On Mon, Sep 2, 2013 at 8:56 AM, bin.cheng <bin.cheng@arm.com> wrote: > Hi, > > The gimple-ssa-strength-reduction pass handles CAND_REFs in order to find > different MEM_REFs sharing common part in addressing expression. If such > MEM_REFs are found, the pass rewrites MEM_REFs, and produces more efficient > addressing expression during the RTL passes. > The pass analyzes addressing expression in each MEM_REF to see if it can be > formalized as follows: > base: MEM_REF (T1, C1) > offset: MULT_EXPR (PLUS_EXPR (T2, C2), C3) > bitpos: C4 * BITS_PER_UNIT > Then restructures it into below form: > MEM_REF (POINTER_PLUS_EXPR (T1, MULT_EXPR (T2, C3)), > C1 + (C2 * C3) + C4) > At last, rewrite the MEM_REFs if there are two or more sharing common > (non-constant) part. > The problem is it doesn't back trace T2. If T2 is recorded as a CAND_ADD in > form of "T2' + C5", the MEM_REF should be restructure into: > MEM_REF (POINTER_PLUS_EXPR (T1, MULT_EXPR (T2', C3)), > C1 + (C2 * C3) + C4 + (C5 * C3)) > > The patch also includes a test case to illustrate the problem. > > Bootstrapped and tested on x86/x86_64/arm-a15, is it ok? This looks ok to me if Bill is ok with it. Thanks, Richard. > Thanks. > bin > > 2013-09-02 Bin Cheng <bin.cheng@arm.com> > > * gimple-ssa-strength-reduction.c (backtrace_base_for_ref): New. > (restructure_reference): Call backtrace_base_for_ref. > > gcc/testsuite/ChangeLog > 2013-09-02 Bin Cheng <bin.cheng@arm.com> > > * gcc.dg/tree-ssa/slsr-39.c: New test.

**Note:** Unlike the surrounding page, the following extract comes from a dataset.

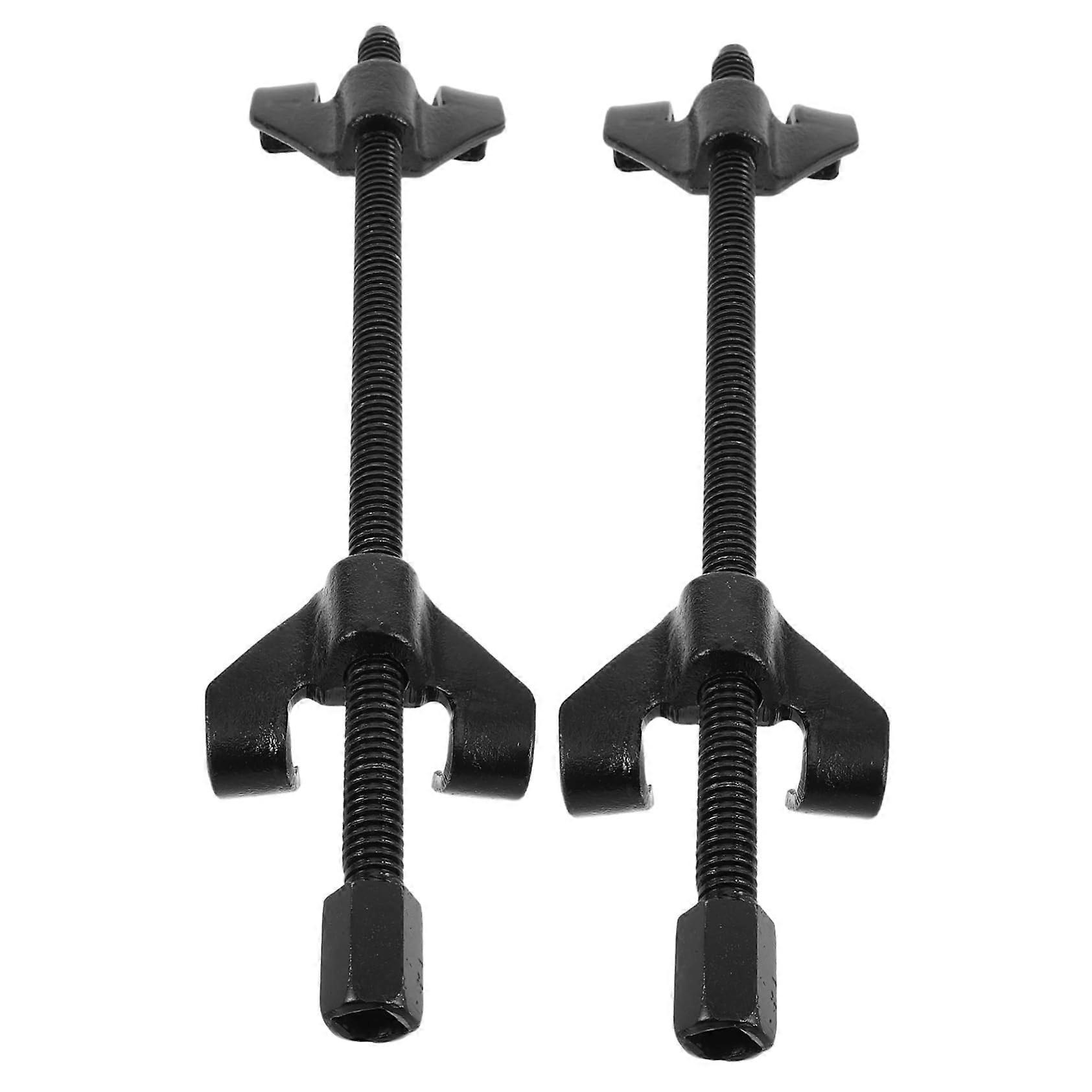 Automotive Shock Absorber Tool 2pcs Ergonomic Coil Spring Remover Strut Compressor with Comfortable Grip for Vehicle Maintenance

On Mon, 2013-09-02 at 11:15 +0200, Richard Biener wrote:
> This looks ok to me if Bill is ok with it.

Sorry, I've been on vacation and haven't been checking in until now.
I'll have a look at this tomorrow -- sounds good on the surface!

Thanks,
Bill

The problem is it doesn't back trace T2. If T2 is recorded as a CAND_ADD in
> > form of "T2' + C5", the MEM_REF should be restructure into:
> > MEM_REF (POINTER_PLUS_EXPR (T1, MULT_EXPR (T2', C3)),
> > C1 + (C2 * C3) + C4 + (C5 * C3))

This is a good generalization and I'm fine with it. There are a few minor nits that should be corrected, outlined below.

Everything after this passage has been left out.